WE JUST had a report in regard to these remarkable narcotics agents here, they are actually customs agents, I believe, working in the field of narcotics. We have all heard of the Ricord case, of Ricord, one of the big international smugglers, I understand.

What impressed me was the effect of his activities, what it really means in human, personal terms. For example, the number that was given to me was 15 tons of heroin that he had smuggled into the United States. That adds up to about 30,000 pounds. And I understand from one of the agents that each pound provides 37,000 doses or shots, or what have you.

So we have here, as a result of the efforts of these men and their colleagues in the Bureau of Customs, the apprehension of an individual who was the head of a heroin ring that brought in nine billion doses of heroin.
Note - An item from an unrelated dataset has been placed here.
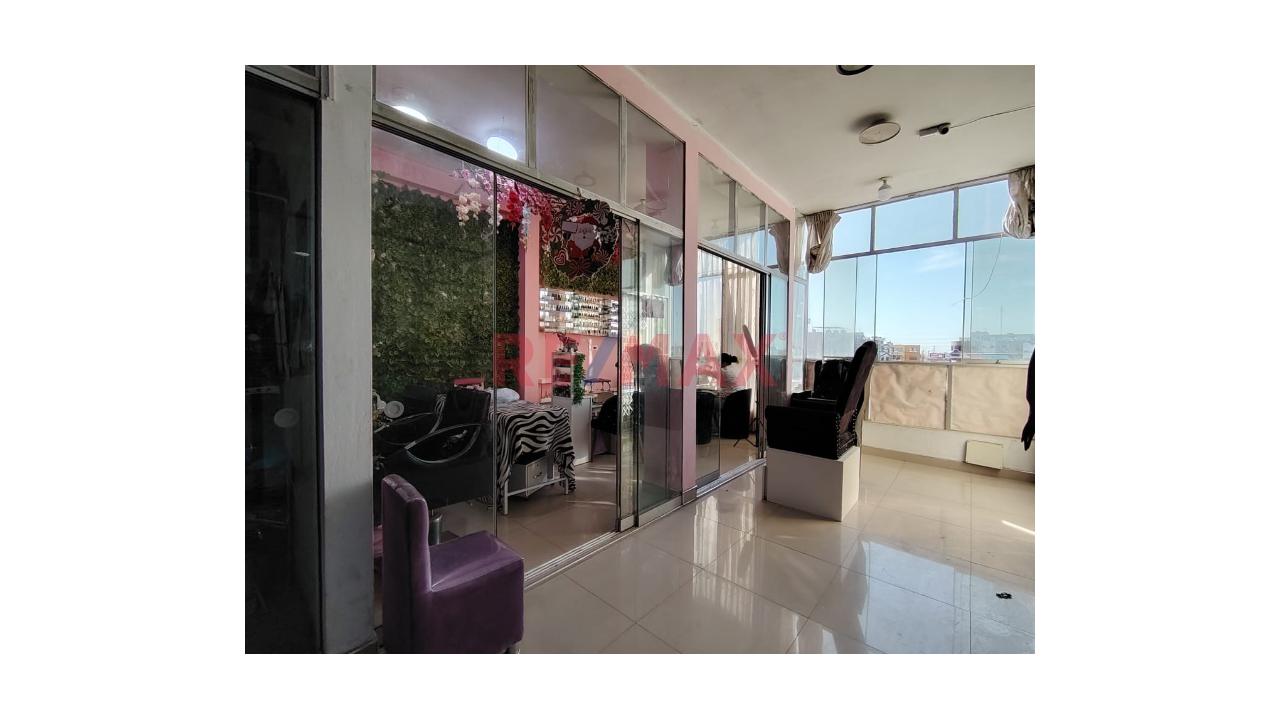 En Venta Tienda Comercial - Ilo - 1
And when I think of what one can do, or several can do, in destroying the life of a person, I would say these men have saved many, many lives.

I have noted with interest that the judge, when he pronounced sentence at the end of this trial, said that actually when you consider that figure of nine billion doses of heroin, that what these men have done has really affected the lives of more than those, for example, who lost their lives in Vietnam.

So, this battle is important and we are having these men here, not because of just their own individual bravery and their competence and the rest, but to pay our respects to the hundreds of agents in the customs office and in our other enforcement areas in the battle against narcotics.

And now, I think they are all glad to know we are going to have stiffer penalties. We are going to have mandatory sentences. This individual received 20 years and our concern would be what happens to him after 2 years with a probation officer who feels perhaps he has had a record of good conduct while in prison. Any individual of this type, it seems to me, has to have a mandatory prison sentence for a period of years, and I find no disagreement among the group here.

Thank you.

Note: The President spoke at 10:53 a.m. in the Oval Office at the White House where he was meeting with Vernon D. Acree, Commissioner of Customs, and Customs Agents Paul Boulad, Robert P. Nunnery, Albert W. Seeley, Richard J. Hopkins, and Gustave Fassler.

On the same day, the White House released a fact sheet on the Ricord case.

Joseph Auguste Ricord was arrested in Paraguay in March 1971 and was extradited to face trial in New York City on Federal charges of conspiring to smuggle narcotics. He was convicted on December 15, 1972.